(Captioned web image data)
------------------------------------------------------------

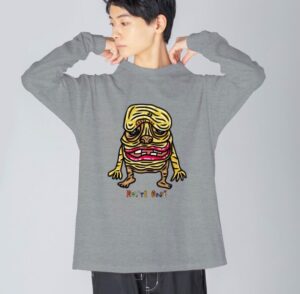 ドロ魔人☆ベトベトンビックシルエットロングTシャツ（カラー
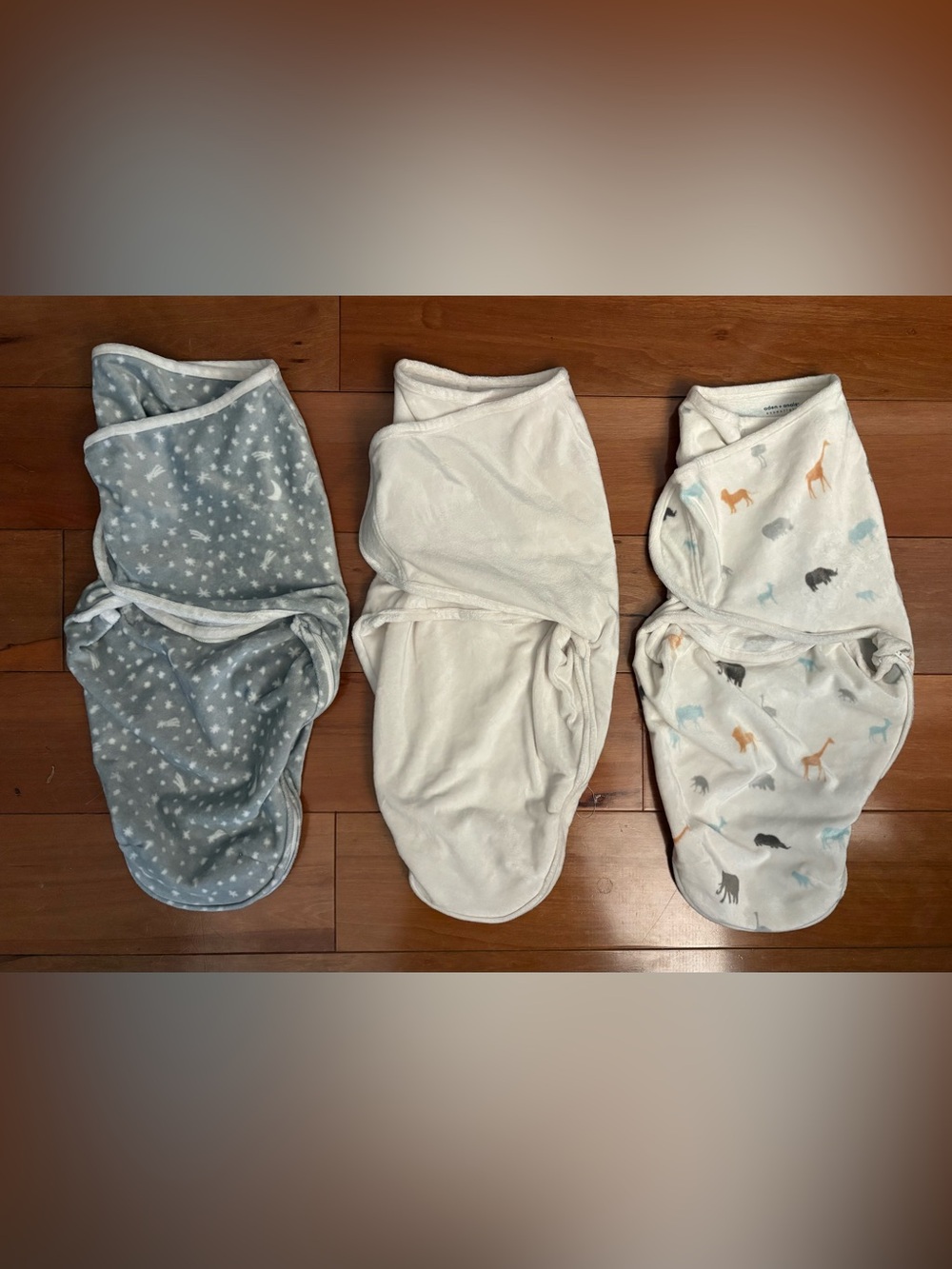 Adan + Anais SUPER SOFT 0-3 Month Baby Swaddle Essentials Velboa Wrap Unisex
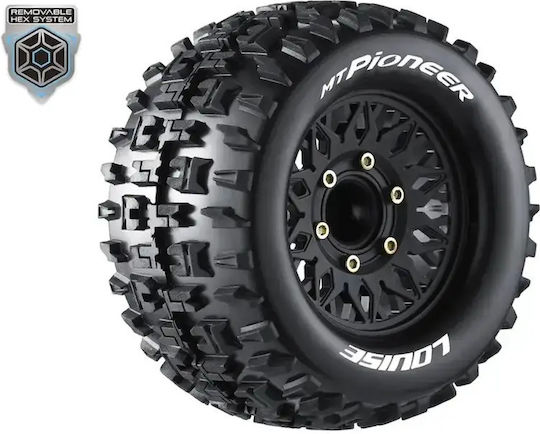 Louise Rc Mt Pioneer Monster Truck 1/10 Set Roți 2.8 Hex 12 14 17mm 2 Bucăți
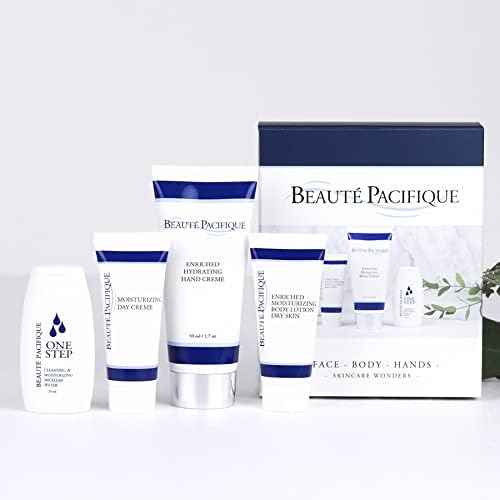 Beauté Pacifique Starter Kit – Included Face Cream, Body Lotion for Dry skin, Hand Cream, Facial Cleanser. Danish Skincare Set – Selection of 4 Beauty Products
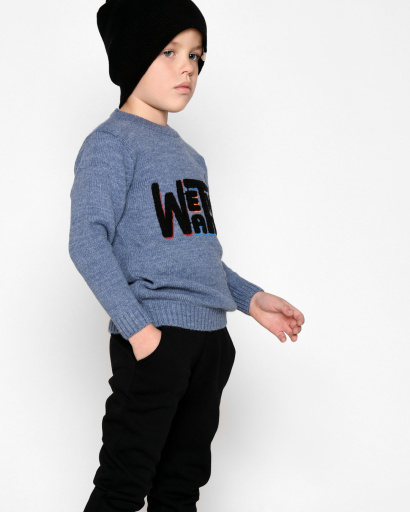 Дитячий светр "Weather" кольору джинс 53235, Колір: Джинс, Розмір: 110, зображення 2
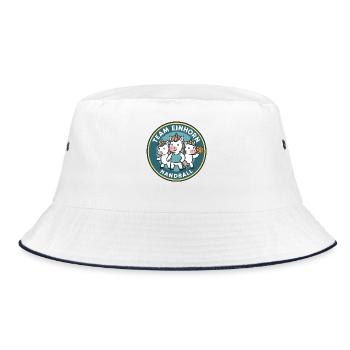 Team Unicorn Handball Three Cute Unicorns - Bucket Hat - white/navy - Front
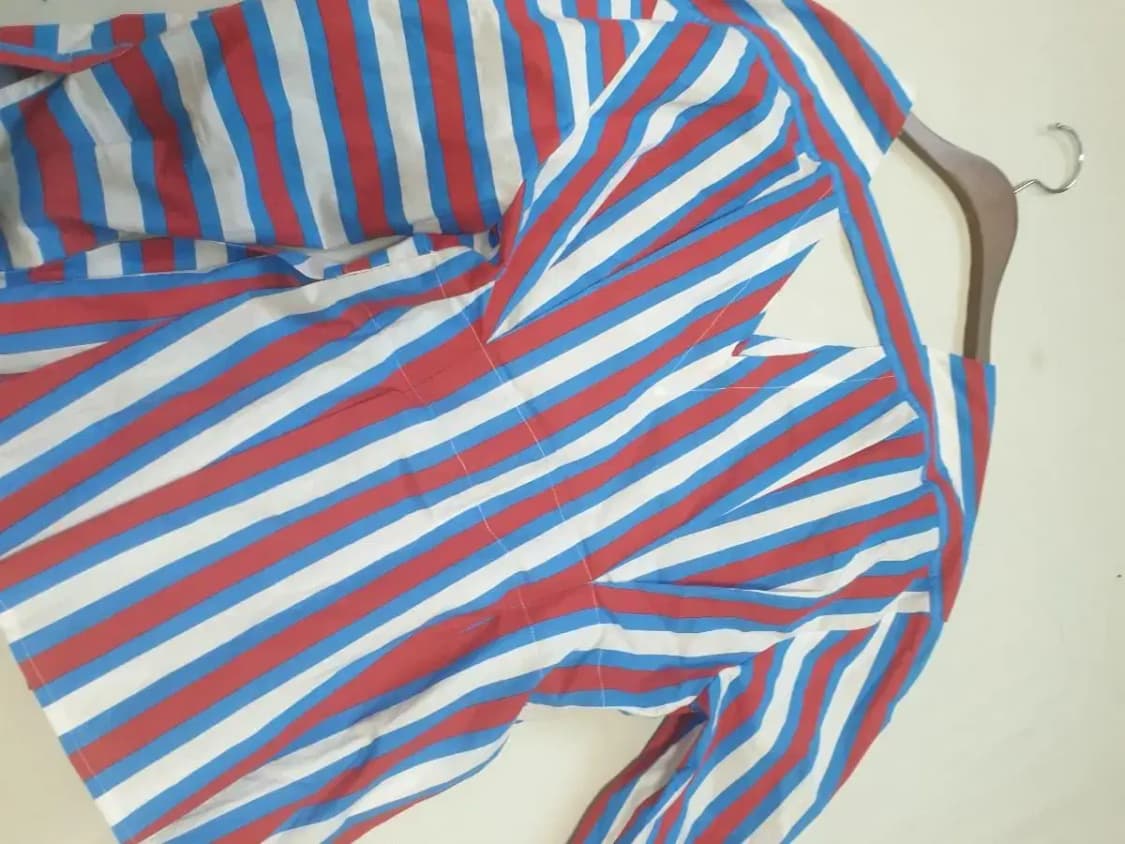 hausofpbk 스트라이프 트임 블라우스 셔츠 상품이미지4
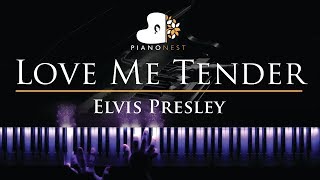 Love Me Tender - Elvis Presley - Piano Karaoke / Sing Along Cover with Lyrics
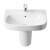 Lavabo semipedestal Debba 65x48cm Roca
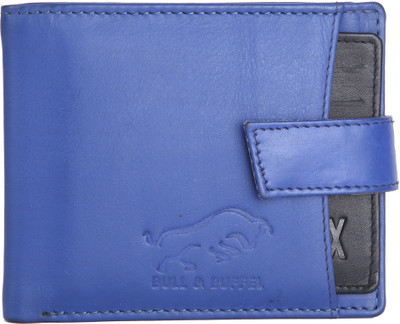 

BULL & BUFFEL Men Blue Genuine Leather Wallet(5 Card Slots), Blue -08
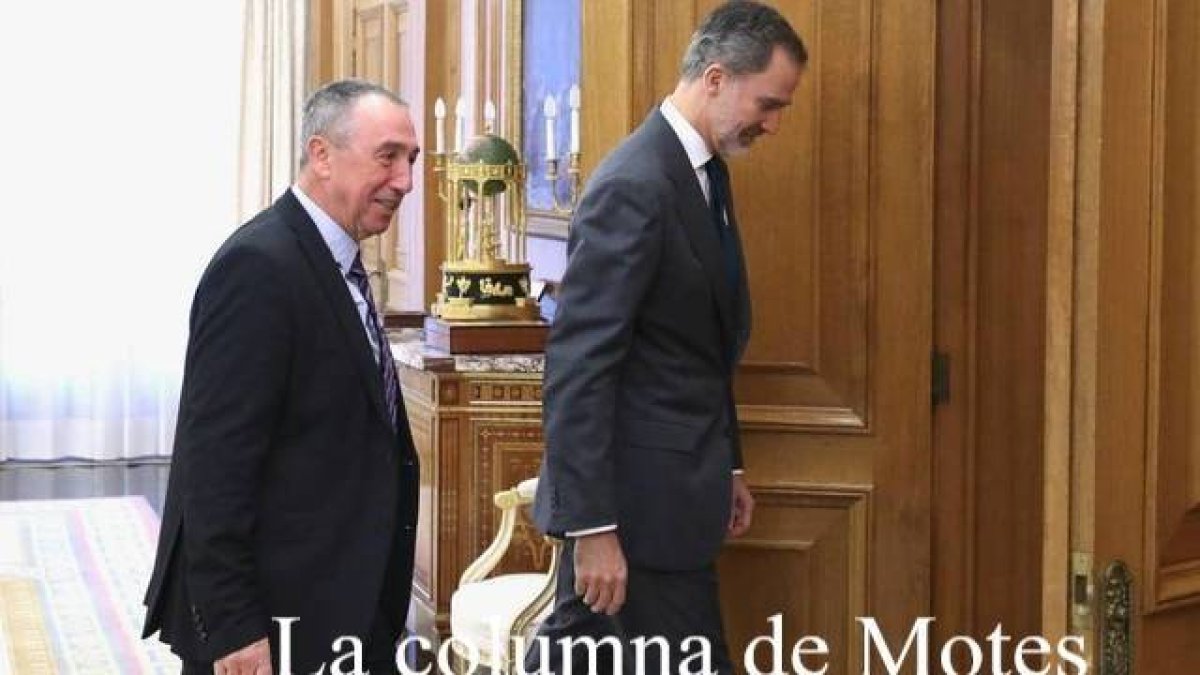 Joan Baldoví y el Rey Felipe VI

------------------------------------------------------------

**TASK STATEMENT:**
Only the lines from the first line of the entries through the line containing "Beauté Pacifique Starter" should be output, exactly as they are, without pictures.

**ANSWER AREA:**
 ドロ魔人☆ベトベトンビックシルエットロングTシャツ（カラー
 Adan + Anais SUPER SOFT 0-3 Month Baby Swaddle Essentials Velboa Wrap Unisex
 Louise Rc Mt Pioneer Monster Truck 1/10 Set Roți 2.8 Hex 12 14 17mm 2 Bucăți
 Beauté Pacifique Starter Kit – Included Face Cream, Body Lotion for Dry skin, Hand Cream, Facial Cleanser. Danish Skincare Set – Selection of 4 Beauty Products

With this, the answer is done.